Weihnachtsansprache

„Gier, Eitelkeit, Tratsch“: Papst liest Vatikan die Leviten

Anstatt nur gute Wünsche zum Fest zu übermitteln, nutzte Franziskus seine Rede für eine grundlegende Kritik an der Vatikan-Bürokratie. 15 Krankheiten der Kurie listete der 78-Jährige auf.

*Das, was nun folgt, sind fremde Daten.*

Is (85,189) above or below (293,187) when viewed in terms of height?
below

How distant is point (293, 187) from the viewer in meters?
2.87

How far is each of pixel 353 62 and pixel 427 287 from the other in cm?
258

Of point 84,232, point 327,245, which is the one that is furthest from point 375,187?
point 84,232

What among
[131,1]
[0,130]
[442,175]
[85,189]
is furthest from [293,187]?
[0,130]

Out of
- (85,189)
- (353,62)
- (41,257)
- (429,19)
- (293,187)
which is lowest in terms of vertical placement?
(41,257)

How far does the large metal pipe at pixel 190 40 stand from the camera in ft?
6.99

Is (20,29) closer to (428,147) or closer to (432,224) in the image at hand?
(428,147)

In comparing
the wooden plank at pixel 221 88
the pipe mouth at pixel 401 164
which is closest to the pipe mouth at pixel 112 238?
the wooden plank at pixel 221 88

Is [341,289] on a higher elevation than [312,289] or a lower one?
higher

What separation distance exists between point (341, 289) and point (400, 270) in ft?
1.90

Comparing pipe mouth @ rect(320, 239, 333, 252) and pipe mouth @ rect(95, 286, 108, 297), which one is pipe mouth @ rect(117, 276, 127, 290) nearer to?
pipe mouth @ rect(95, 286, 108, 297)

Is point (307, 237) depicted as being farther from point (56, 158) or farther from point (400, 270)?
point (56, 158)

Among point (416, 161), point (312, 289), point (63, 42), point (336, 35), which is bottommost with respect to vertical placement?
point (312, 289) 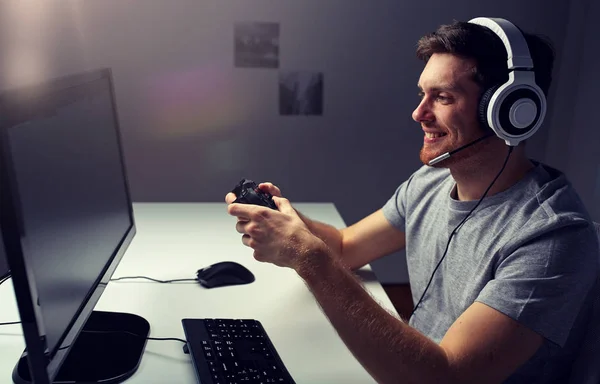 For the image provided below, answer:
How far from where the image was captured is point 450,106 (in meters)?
1.07

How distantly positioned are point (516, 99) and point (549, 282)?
0.32m

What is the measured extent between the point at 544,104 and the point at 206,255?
0.81 m

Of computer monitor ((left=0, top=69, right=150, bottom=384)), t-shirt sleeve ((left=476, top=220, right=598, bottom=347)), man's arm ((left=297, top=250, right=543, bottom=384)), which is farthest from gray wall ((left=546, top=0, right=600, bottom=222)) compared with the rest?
computer monitor ((left=0, top=69, right=150, bottom=384))

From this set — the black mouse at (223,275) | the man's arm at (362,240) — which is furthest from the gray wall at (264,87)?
the black mouse at (223,275)

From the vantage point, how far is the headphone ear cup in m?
1.00

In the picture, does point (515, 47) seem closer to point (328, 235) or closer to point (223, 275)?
point (328, 235)

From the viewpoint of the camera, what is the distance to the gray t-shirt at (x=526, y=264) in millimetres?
843

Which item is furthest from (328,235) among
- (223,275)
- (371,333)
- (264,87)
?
(264,87)

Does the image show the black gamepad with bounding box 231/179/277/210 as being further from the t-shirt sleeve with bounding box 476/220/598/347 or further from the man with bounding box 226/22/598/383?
the t-shirt sleeve with bounding box 476/220/598/347

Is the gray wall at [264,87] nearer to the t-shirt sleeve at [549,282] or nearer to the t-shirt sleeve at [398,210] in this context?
the t-shirt sleeve at [398,210]

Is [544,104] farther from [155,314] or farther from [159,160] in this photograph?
[159,160]

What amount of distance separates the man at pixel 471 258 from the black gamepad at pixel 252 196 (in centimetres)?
2

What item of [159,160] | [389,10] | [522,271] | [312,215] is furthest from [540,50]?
[159,160]

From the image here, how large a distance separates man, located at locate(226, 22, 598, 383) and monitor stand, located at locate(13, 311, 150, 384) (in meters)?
0.24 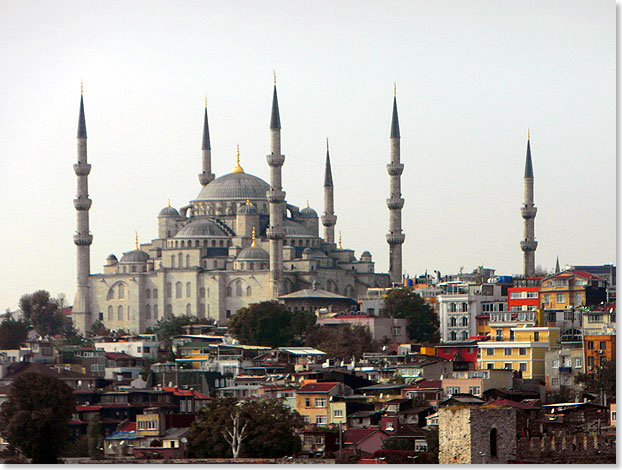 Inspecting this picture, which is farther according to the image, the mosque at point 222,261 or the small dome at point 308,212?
the small dome at point 308,212

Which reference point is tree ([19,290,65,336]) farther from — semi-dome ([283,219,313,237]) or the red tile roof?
the red tile roof

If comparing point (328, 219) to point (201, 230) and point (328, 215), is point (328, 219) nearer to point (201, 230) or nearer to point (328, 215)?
point (328, 215)

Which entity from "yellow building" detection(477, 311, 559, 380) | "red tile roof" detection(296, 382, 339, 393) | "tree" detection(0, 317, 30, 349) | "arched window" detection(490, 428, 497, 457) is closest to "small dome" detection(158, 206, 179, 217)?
"tree" detection(0, 317, 30, 349)

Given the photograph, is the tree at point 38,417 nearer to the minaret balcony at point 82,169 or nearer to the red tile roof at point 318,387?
the red tile roof at point 318,387

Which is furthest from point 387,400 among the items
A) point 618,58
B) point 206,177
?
point 206,177

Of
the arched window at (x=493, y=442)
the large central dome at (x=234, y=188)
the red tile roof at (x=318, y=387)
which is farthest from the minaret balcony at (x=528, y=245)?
the arched window at (x=493, y=442)

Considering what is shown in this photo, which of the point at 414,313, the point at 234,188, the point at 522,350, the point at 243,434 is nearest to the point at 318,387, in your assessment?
the point at 522,350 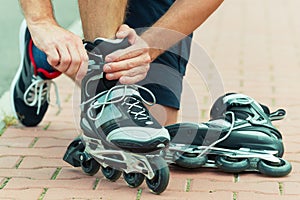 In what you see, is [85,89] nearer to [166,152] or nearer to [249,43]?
[166,152]

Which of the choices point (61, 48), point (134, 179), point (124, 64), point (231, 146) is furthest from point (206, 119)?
point (61, 48)

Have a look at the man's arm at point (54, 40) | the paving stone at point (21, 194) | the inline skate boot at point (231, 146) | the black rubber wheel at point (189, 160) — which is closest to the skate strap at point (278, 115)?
the inline skate boot at point (231, 146)

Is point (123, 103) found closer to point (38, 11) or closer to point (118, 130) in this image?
point (118, 130)

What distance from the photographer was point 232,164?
3.11 meters

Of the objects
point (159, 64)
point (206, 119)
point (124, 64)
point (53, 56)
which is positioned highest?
point (53, 56)

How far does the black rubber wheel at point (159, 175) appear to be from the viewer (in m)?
2.84

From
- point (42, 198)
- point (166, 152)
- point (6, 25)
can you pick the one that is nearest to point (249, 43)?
point (6, 25)

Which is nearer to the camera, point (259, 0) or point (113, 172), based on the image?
point (113, 172)

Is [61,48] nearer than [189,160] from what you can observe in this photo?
Yes

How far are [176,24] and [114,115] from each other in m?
0.45

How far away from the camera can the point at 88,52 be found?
2.89 meters

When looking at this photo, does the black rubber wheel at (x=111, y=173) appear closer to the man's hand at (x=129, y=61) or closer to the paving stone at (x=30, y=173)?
the paving stone at (x=30, y=173)

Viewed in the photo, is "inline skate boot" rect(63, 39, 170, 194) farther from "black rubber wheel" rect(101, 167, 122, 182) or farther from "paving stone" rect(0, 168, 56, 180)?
"paving stone" rect(0, 168, 56, 180)

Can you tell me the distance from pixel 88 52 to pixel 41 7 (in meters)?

Rom. Der Applaus der Kardinäle und Bischöfe fiel sparsam aus, viele lächelten gequält. Denn das, was der Papst in seiner Weihnachtsansprache äußerte, hatte es in sich: Anstatt nur gute Wünsche zum Fest zu übermitteln, nutzte Franziskus die Rede für eine grundlegende Kritik an der Vatikan-Bürokratie. 15 Krankheiten der Kurie listete der 78-Jährige auf, prangerte einen „spirituelles Alzheimer“, eine „mentale Erstarrung“ und die „Krankheit der Rivalität und Eitelkeit“ an.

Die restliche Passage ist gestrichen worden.